Roller | Datadog
Roller

Case Study

ROLLER scales global attractions platform by monitoring and securing AWS with Datadog 

About Roller

ROLLER develops and provides software for attractions and leisure businesses. Its platform helps operators manage high-volume, real-time transactions including online bookings, point-of-sale, digital waivers, memberships, and guest check-ins, all from a single interface.

Software Development
~200 Employees
Melbourne, Australia
“Datadog is a system of intelligence. It gives us intelligent decision-making that enables our small team to continue to support thousands of attractions businesses worldwide.”
case-studies/roller/sean-fernandez
“Datadog is a system of intelligence. It gives us intelligent decision-making that enables our small team to continue to support thousands of attractions businesses worldwide.”
Sean Fernandez CIO ROLLER

Why Datadog?

  • Deep visibility into performance of 100+ AWS services in one view
  • Quick time-to-value with out-of-the-box dashboards and prebuilt alerts
  • Faster root-cause analysis with one-click telemetry correlation and consistent tags
  • Intuitive interface for technical and non-technical team members
  • Database monitoring enables quick remediation without dedicated database administrators
  • Security tools help prioritize application vulnerabilities and improve firewall rules

Challenge

ROLLER needed unified observability and security for its most critical AWS workloads to improve the availability of its mission-critical platform, reduce resolution times, and collaborate better across operations, engineering, and security teams.

Key Results

100% SLA compliance

Meeting or beating SLAs while supporting more than 2,200 attractions

↓ 99% MTTR

Time saved resolving issues, from 3 days to 15 minutes

↓ 60% EC2 costs

By using Datadog to monitor infrastructure change to ECS and EC2 Spot Instances

↑ 4x

Increase in scale with same team size

Maintaining critical systems to support a global platform

ROLLER provides software to over 2,200 attractions businesses across more than 35 countries. Its cloud-based platform includes point-of-sale systems, digital waivers, online stores, marketing tools, and search engine optimization features designed to help attractions grow and deliver better guest experiences. Each year, ROLLER processes over $100 million in transactions and supports millions of guest experiences. “We provide a mission-critical system for operators,” says Sean Fernandez, CIO at ROLLER. “It’s imperative that our systems remain highly available so our customers can continue to conduct transactions.” 

The company previously used multiple monitoring tools to manage its critical systems. However, as ROLLER grew, this approach created challenges. The SRE team struggled to quickly understand performance across cloud regions, accounts, environments, and subsystems. This lack of full visibility and telemetry correlation in one view made it difficult to maintain service level agreements (SLAs) and respond quickly to problems. They also struggled with aggregating logs from different systems, which slowed troubleshooting. Additionally, as infrastructure compute costs rose, they lacked the full visibility needed to modernize their AWS infrastructure and CI/CD without compromising availability and growth goals.

The Roller Team

Simplifying cloud monitoring with observability and security

After evaluating several monitoring options, ROLLER chose Datadog as its observability platform. While some competitors offered lower prices initially, ROLLER found that Datadog better matched its evolving needs as it matured, while Datadog’s prebuilt dashboards for AWS and other key technologies helped teams get visibility quickly. In addition, setting up Datadog was simple, and alerts worked correctly from day one. 

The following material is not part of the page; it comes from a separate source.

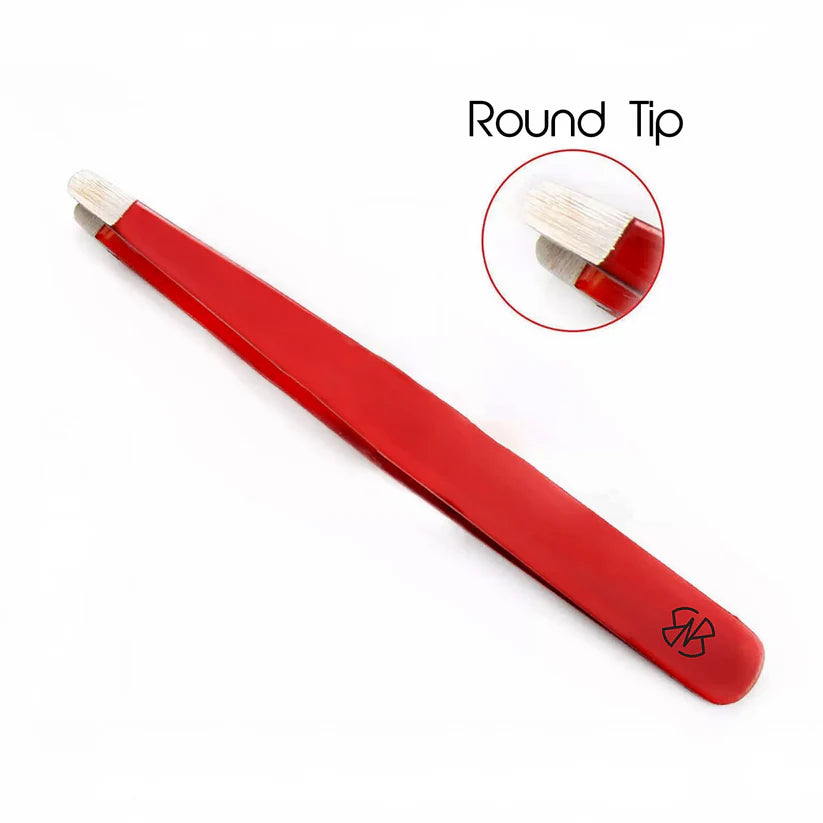 Red 6-Piece Tweezers Set for Precision Grooming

Log aggregation and correlation, previously a major pain point, quickly became more manageable after implementing Datadog. “Aggregating logs and getting them into a state where developers can actually see and correlate them across the board is always tricky,” says Shane Burham, site reliability engineer at ROLLER, who now leads the security team. “Having logs present on the traces now gives us much better visibility.”

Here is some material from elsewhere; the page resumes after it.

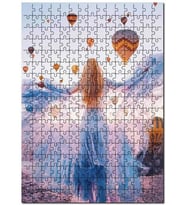 Cakapuzzle Beyaz Tül Elbiseli Kadın Sıcak Hava Balon Puzzle Yapboz MDF (Ahşap) (1000 Parça)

Today, ROLLER uses Datadog in several critical ways. Datadog enables non-technical teams to monitor AWS-hosted apps and infrastructure by using intuitive dashboards. When issues arise, these dashboards provide enough information for support staff to quickly determine whether an issue is platform-wide or customer-specific. From there, they can use Datadog to easily identify the relevant team based on where the issue originated.

Having access to database monitoring has been another significant benefit. Without dedicated database administrators, ROLLER needed a way for application developers to identify and fix SQL Server database issues themselves. Datadog gives them visibility into whether problems stem from queries, disk performance, or application code, enabling any team member to find and address the root cause. 

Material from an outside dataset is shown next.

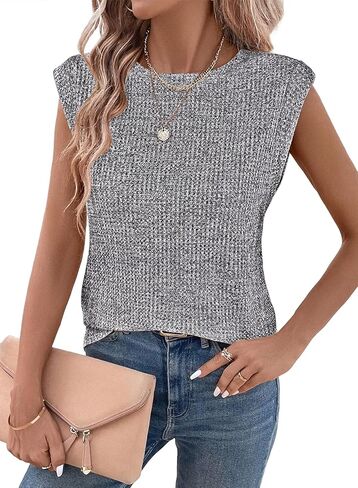SHEWIN Summer Tops for Women Casual Crew Neck Waffle Knit Cap Sleeve Shirts Tank Top in Kuwait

Meanwhile, security monitoring with Datadog’s Application and API Protection has helped ROLLER detect, prioritize, and address application vulnerabilities. The solution has given them visibility into security issues that bypass their AWS Web Application Firewall (WAF), enabling them to write better security rules and protect their applications more effectively.

“Aggregating logs and getting them into a state where developers can actually see and correlate them across the board is always tricky. Having logs present on the traces now gives us much better visibility.”

Unified observability derisks changes to infrastructure and CI/CD processes

Perhaps most importantly, Datadog has supported ROLLER’s architectural evolution on AWS.     To deliver long-term growth while meeting SLAs and improving operational efficiency, the ROLLER team used Datadog to monitor modernization initiatives across infrastructure and CI/CD. The ROLLER team was able to evolve its infrastructure from Windows EC2 instances to a blend of EC2 Spot Instances and containers using AWS Fargate and Amazon ECS. These changes reduced the time to spin up new compute by 77 percent and reduced compute costs by 60 percent. With Datadog, ROLLER had the visibility needed to execute these changes while fully mitigating risks to availability. “Datadog derisked taking modernization approaches on AWS,” says Fernandez. “Observability is about reducing risk. You can take a much bigger risk building infrastructure if you have a really good observability platform over the top. Datadog helped us understand whether our customers were still being serviced properly as we made changes to our infrastructure and CI/CD processes.” 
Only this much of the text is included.